Tesla’s Global Warming Solution: A Really Expensive Battery
Tesla Motors’ CEO Elon Musk appeared on stage Thursday night to announce “Tesla Energy” — a line of expensive batteries “for homes, businesses, and utilities fostering a clean energy ecosystem and helping wean the world off fossil fuels.”
But more than that, the company is rebranding itself from a simple electric car company to an “energy innovation” company. Energy storage is their new market, and they hope to lead the way in helping the world to cut carbon dioxide emissions.
“We have this handy fusion reactor in the sky, called the Sun,” Musk told people at an event in Hawthorne, California Thursday night, adding that the world needs storage batteries that don’t “suck.”
Musk says Tesla has the solution: the Powerwall. It’s a home battery that allows homes, businesses and utilities to store energy from solar panels or the electrical grid during non-peak hours to be used when electricity demand is highest. This could lower energy bills and make green energy much more competitive with fossil fuels.
“The Powerwall is available in 10kWh, optimized for backup applications or 7kWh optimized for daily use applications,” Tesla says on its website. “Both can be connected with solar or grid and both can provide backup power. The 10kWh Powerwall is optimized to provide backup when the grid goes down, providing power for your home when you need it most.
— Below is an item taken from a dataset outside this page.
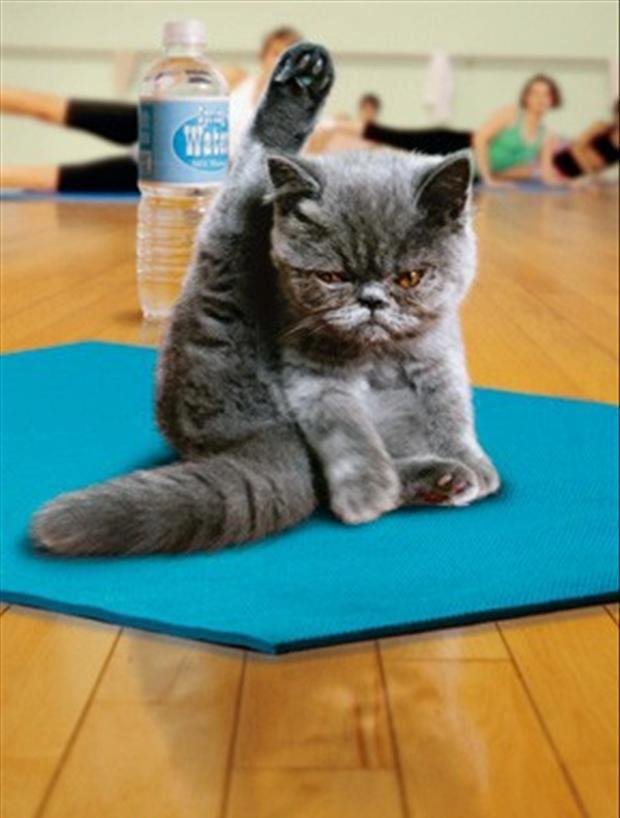 Cat Yoga Class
When paired with solar power, the 7kWh Powerwall can be used in daily cycling to extend the environmental and cost benefits of solar into the night when sunlight is unavailable.”
The only problem for consumers is that Tesla is selling its Powerwall to installers for “ $3500 for 10kWh and $3000 for 7kWh” and that doesn’t include the price of an inverter or installation. It’s definitely not something your everyday American will be rushing out to buy, but it could be the first of a long line of storage batteries.
Energy storage is what green energy advocates and environmentalists say is necessary to make wind and solar power competitive with fossil fuels like coal, gas and oil. Wind and solar aren’t reliable sources of power because they are intermittent — the sun doesn’t always shine and the wind isn’t always blowing.
Battery storage, however, would enable people to store solar energy, for example, built up during the day to be used at night when power demand is spiking. This could allow consumers to offset their energy bills.
But battery storage’s application is not limited to just green energy, fossil fuels can also store energy on batteries for later use. A home with a battery can simply store power from the grid in the same fashion as a home with a solar panel. Both systems can create energy savings.
This could be a big breakthrough, but before you go jumping up and down there are some huge hurdles to overcome. The main one is cost. Musk is charging up to $3,500 for these batteries — about what the average American household spends on electricity in nearly three years.
— CNBC (@CNBC) May 1, 2015
Costs for batteries are predicted to come down as more are manufactured, so that may be a problem that goes away. Another problem Musk has is he’s really selling the battery as an extension of solar power (likely in a bid to help SolarCity, in which he’s the main investor), but rooftop solar hasn’t exactly caught on yet.
Most people aren’t buying solar panels for a variety of reasons. One reason is that panels have expensive, long-term leases and another is that rooftop solar can hurt your home’s value when you go to sell it.